Introduction
Even though we are able to perform with ease most everyday tasks that require asynchronous bimanual coordination, such as driving our car or ironing our shirts, experimental studies have repeatedly and consistently demonstrated that there are temporal as well as spatial coordination constraints between the two hands (for review see, Swinnen & Wenderoth,
2004). For example, Kelso, Southard, and Goodman (
1979) showed that even when the two hands have to perform movements of varying difficulty and to different positions in space, participants show a strong tendency to initiate and terminate both movements at the same time (but see also, Fowler, Duck, Mosher, & Mathieson,
1991; Marteniuk, MacKenzie, & Baba,
1984). In addition to these temporal constraints, limitations to produce independent bimanual hand movements can also be observed in the spatial domain (e.g., Franz,
1997; Franz, Zelaznik, & McCabe,
1991; Kelso, Putnam, & Goodman,
1983; Spijkers & Heuer,
1995; Spijkers, Heuer, Kleinsorge, & van der Loo,
1997). For instance, Franz et al. (
1991) observed spatial assimilation effects when the hands had to produce simultaneous asymmetric movements such as drawing a line with the left hand and a circle with the right hand (see also, Albert & Ivry,
2009). Furthermore, when movements are spatially incongruent (different amplitudes and/or different directions), reaction times (RTs) are usually prolonged indicating that processing times increase when the movements become more complex (Heuer,
1986; Spijkers et al.,
1997). The observation that there are general RT costs for planning hand movements with asymmetric amplitudes (or directions) is often referred to as the spatial interference effect. However, there is considerable debate about the underlying mechanism(s) of this phenomenon (e.g., Blinch et al.,
2014; Diedrichsen, Hazeltine, Kennerley, & Ivry,
2001; Hazeltine, Diedrichsen, Kennerley, & Ivry,
2003; Heuer & Klein,
2006; Spijkers et al.,
1997).
One suggestion has been that the interference effects in bimanual coordination tasks are likely to be caused by some kind of neural cross-talk (Marteniuk et al.,
1984; Spijkers & Heuer,
1995; Swinnen & Walter,
1991).
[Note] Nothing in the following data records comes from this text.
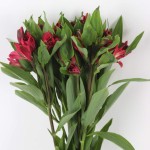 Alstroemeria Bunch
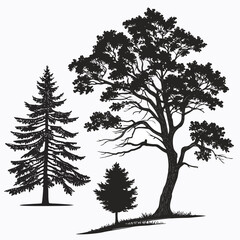 Obraz premium Silhouette of various trees in vector format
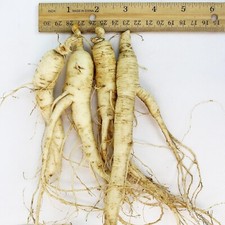 WOHO Cultivated Fresh Ginseng American Ginseng Jumbo 8oz (6-8 Roots) by WOHO picture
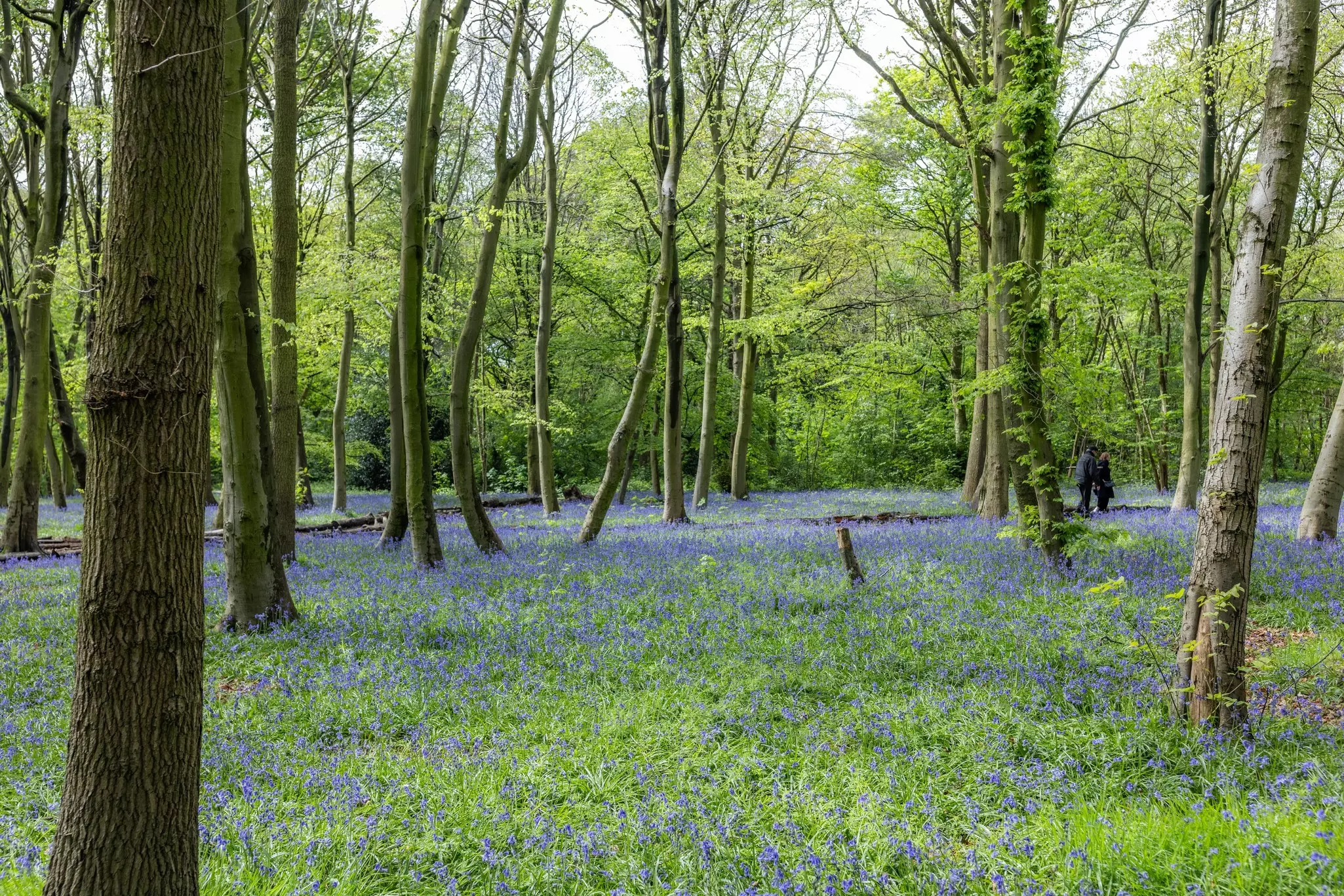 Bluebells carpeted throughout a forest on an overcast day, with a couple walking in the distance.
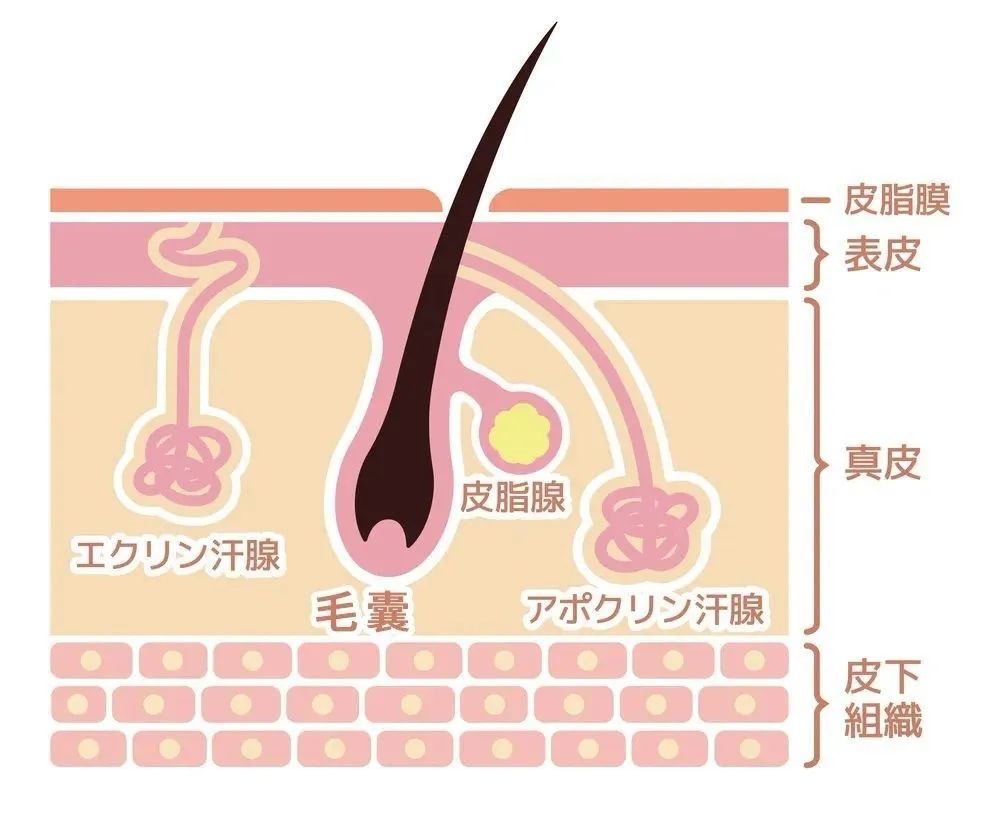 全网最好用的脱毛产品,热门口碑脱毛产品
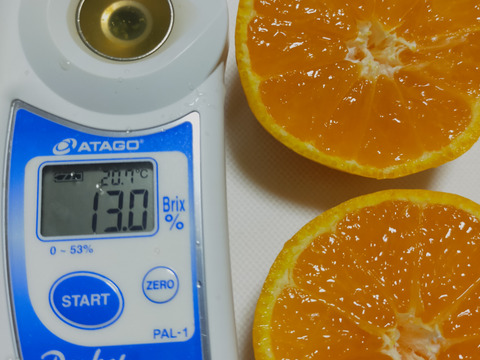 有田みかん　ご家庭用　5 kg（箱込）80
More specifically, Heuer and colleagues argued that longer reaction times observed when different movement amplitudes have to be specified for the two hands (as compared to identical movement amplitudes) can be attributed to transient coupling during the movement programming phase (e.g., Heuer,
1993; Heuer, Spijkers, Kleinsorge, van der Loo, & Steglich,
1998; Spijkers et al.,
1997). According to this transient cross-talk hypothesis, mutual inhibition occurs during the movement programming phase when distinct movement parameters have to be specified for the two hands simultaneously (Spijkers et al.,
1997; Spijkers, Heuer, Steglich, & Kleinsorge,
2000). If participants have the opportunity to prepare their movements in advance such that movement parameter specification no longer needs to occur during the RT interval, then RTs no longer differ between symmetric and asymmetric movements (Spijkers et al.,
1997). To put it simply, according to this hypothesis prolonged RTs for asymmetric movements are caused by increased processing demands during response programming. Once movement programming for both hands is finished, no further cross-talk is assumed to happen (see also Schmidt,
1975, generalised motor programing theory).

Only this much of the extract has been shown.